▶ _Records supplied_
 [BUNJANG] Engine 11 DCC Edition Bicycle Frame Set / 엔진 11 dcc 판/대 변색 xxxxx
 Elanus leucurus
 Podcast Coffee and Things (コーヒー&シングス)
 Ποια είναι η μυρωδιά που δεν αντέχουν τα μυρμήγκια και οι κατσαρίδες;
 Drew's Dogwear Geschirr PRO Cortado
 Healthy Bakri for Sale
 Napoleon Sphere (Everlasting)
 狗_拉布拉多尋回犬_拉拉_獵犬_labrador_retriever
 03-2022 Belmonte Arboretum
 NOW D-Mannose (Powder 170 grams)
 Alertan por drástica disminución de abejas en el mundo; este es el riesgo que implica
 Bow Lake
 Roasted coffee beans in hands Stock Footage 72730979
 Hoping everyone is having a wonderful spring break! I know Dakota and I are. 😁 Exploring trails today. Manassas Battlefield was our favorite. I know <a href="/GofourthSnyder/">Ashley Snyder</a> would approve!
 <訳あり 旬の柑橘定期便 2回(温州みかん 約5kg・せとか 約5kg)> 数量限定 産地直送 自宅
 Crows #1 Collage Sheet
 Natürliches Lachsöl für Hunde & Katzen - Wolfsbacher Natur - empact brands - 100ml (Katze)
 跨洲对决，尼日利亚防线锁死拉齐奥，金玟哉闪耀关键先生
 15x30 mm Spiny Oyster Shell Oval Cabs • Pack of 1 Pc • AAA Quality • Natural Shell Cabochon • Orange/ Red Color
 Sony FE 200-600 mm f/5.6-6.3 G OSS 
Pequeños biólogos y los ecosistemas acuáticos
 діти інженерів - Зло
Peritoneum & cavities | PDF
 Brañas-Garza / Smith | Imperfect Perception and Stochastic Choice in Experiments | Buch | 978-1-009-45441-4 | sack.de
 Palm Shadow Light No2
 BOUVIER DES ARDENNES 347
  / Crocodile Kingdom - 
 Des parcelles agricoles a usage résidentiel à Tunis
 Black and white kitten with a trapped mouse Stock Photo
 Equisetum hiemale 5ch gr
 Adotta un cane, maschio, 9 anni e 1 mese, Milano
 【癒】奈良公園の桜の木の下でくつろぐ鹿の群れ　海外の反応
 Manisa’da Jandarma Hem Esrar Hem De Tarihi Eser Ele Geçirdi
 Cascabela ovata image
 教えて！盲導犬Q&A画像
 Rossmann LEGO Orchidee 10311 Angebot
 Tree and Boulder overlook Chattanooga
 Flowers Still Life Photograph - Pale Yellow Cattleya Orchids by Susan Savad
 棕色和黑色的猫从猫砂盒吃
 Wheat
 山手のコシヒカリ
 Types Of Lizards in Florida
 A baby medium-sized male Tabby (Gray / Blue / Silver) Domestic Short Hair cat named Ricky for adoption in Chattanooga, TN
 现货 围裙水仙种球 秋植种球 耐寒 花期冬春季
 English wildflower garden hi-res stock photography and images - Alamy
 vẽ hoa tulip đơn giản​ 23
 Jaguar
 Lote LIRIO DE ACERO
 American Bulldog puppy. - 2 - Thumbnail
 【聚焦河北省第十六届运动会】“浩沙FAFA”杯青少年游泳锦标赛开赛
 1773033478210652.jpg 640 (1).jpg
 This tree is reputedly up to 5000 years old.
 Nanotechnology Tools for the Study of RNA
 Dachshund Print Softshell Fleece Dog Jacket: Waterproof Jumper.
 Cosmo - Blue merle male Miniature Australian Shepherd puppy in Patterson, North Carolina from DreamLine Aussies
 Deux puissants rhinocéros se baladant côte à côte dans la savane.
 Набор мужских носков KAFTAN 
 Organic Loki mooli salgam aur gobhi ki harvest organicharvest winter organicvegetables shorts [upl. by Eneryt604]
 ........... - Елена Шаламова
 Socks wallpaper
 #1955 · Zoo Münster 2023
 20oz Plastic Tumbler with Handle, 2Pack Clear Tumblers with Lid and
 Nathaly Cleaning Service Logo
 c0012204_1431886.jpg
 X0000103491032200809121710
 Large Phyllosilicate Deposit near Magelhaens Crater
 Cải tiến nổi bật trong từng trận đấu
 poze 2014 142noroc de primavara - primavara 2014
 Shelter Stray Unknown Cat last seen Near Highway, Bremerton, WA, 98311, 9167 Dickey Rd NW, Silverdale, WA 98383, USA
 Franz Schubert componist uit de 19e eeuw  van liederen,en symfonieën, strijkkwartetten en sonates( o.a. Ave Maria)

▶ _About this exercise_
Set down each entry again, unchanged.

▶ _Written solution_
 [BUNJANG] Engine 11 DCC Edition Bicycle Frame Set / 엔진 11 dcc 판/대 변색 xxxxx
 Elanus leucurus
 Podcast Coffee and Things (コーヒー&シングス)
 Ποια είναι η μυρωδιά που δεν αντέχουν τα μυρμήγκια και οι κατσαρίδες;
 Drew's Dogwear Geschirr PRO Cortado
 Healthy Bakri for Sale
 Napoleon Sphere (Everlasting)
 狗_拉布拉多尋回犬_拉拉_獵犬_labrador_retriever
 03-2022 Belmonte Arboretum
 NOW D-Mannose (Powder 170 grams)
 Alertan por drástica disminución de abejas en el mundo; este es el riesgo que implica
 Bow Lake
 Roasted coffee beans in hands Stock Footage 72730979
 Hoping everyone is having a wonderful spring break! I know Dakota and I are. 😁 Exploring trails today. Manassas Battlefield was our favorite. I know <a href="/GofourthSnyder/">Ashley Snyder</a> would approve!
 <訳あり 旬の柑橘定期便 2回(温州みかん 約5kg・せとか 約5kg)> 数量限定 産地直送 自宅
 Crows #1 Collage Sheet
 Natürliches Lachsöl für Hunde & Katzen - Wolfsbacher Natur - empact brands - 100ml (Katze)
 跨洲对决，尼日利亚防线锁死拉齐奥，金玟哉闪耀关键先生
 15x30 mm Spiny Oyster Shell Oval Cabs • Pack of 1 Pc • AAA Quality • Natural Shell Cabochon • Orange/ Red Color
 Sony FE 200-600 mm f/5.6-6.3 G OSS 
Pequeños biólogos y los ecosistemas acuáticos
 діти інженерів - Зло
Peritoneum & cavities | PDF
 Brañas-Garza / Smith | Imperfect Perception and Stochastic Choice in Experiments | Buch | 978-1-009-45441-4 | sack.de
 Palm Shadow Light No2
 BOUVIER DES ARDENNES 347
  / Crocodile Kingdom - 
 Des parcelles agricoles a usage résidentiel à Tunis
 Black and white kitten with a trapped mouse Stock Photo
 Equisetum hiemale 5ch gr
 Adotta un cane, maschio, 9 anni e 1 mese, Milano
 【癒】奈良公園の桜の木の下でくつろぐ鹿の群れ　海外の反応
 Manisa’da Jandarma Hem Esrar Hem De Tarihi Eser Ele Geçirdi
 Cascabela ovata image
 教えて！盲導犬Q&A画像
 Rossmann LEGO Orchidee 10311 Angebot
 Tree and Boulder overlook Chattanooga
 Flowers Still Life Photograph - Pale Yellow Cattleya Orchids by Susan Savad
 棕色和黑色的猫从猫砂盒吃
 Wheat
 山手のコシヒカリ
 Types Of Lizards in Florida
 A baby medium-sized male Tabby (Gray / Blue / Silver) Domestic Short Hair cat named Ricky for adoption in Chattanooga, TN
 现货 围裙水仙种球 秋植种球 耐寒 花期冬春季
 English wildflower garden hi-res stock photography and images - Alamy
 vẽ hoa tulip đơn giản​ 23
 Jaguar
 Lote LIRIO DE ACERO
 American Bulldog puppy. - 2 - Thumbnail
 【聚焦河北省第十六届运动会】“浩沙FAFA”杯青少年游泳锦标赛开赛
 1773033478210652.jpg 640 (1).jpg
 This tree is reputedly up to 5000 years old.
 Nanotechnology Tools for the Study of RNA
 Dachshund Print Softshell Fleece Dog Jacket: Waterproof Jumper.
 Cosmo - Blue merle male Miniature Australian Shepherd puppy in Patterson, North Carolina from DreamLine Aussies
 Deux puissants rhinocéros se baladant côte à côte dans la savane.
 Набор мужских носков KAFTAN 
 Organic Loki mooli salgam aur gobhi ki harvest organicharvest winter organicvegetables shorts [upl. by Eneryt604]
 ........... - Елена Шаламова
 Socks wallpaper
 #1955 · Zoo Münster 2023
 20oz Plastic Tumbler with Handle, 2Pack Clear Tumblers with Lid and
 Nathaly Cleaning Service Logo
 c0012204_1431886.jpg
 X0000103491032200809121710
 Large Phyllosilicate Deposit near Magelhaens Crater
 Cải tiến nổi bật trong từng trận đấu
 poze 2014 142noroc de primavara - primavara 2014
 Shelter Stray Unknown Cat last seen Near Highway, Bremerton, WA, 98311, 9167 Dickey Rd NW, Silverdale, WA 98383, USA
 Franz Schubert componist uit de 19e eeuw  van liederen,en symfonieën, strijkkwartetten en sonates( o.a. Ave Maria)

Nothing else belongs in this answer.